Source records

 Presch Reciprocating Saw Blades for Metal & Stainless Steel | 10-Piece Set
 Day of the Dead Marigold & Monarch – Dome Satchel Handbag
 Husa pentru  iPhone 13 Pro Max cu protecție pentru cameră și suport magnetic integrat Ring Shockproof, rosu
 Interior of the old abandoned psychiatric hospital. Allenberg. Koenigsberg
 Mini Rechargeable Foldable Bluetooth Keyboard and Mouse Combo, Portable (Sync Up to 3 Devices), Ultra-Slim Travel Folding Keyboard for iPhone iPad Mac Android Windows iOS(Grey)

_Problem to work on_:
Which lines of the records contain the word "iPhone"? Copy each of them.

_Result below_:
 Husa pentru  iPhone 13 Pro Max cu protecție pentru cameră și suport magnetic integrat Ring Shockproof, rosu
 Mini Rechargeable Foldable Bluetooth Keyboard and Mouse Combo, Portable (Sync Up to 3 Devices), Ultra-Slim Travel Folding Keyboard for iPhone iPad Mac Android Windows iOS(Grey)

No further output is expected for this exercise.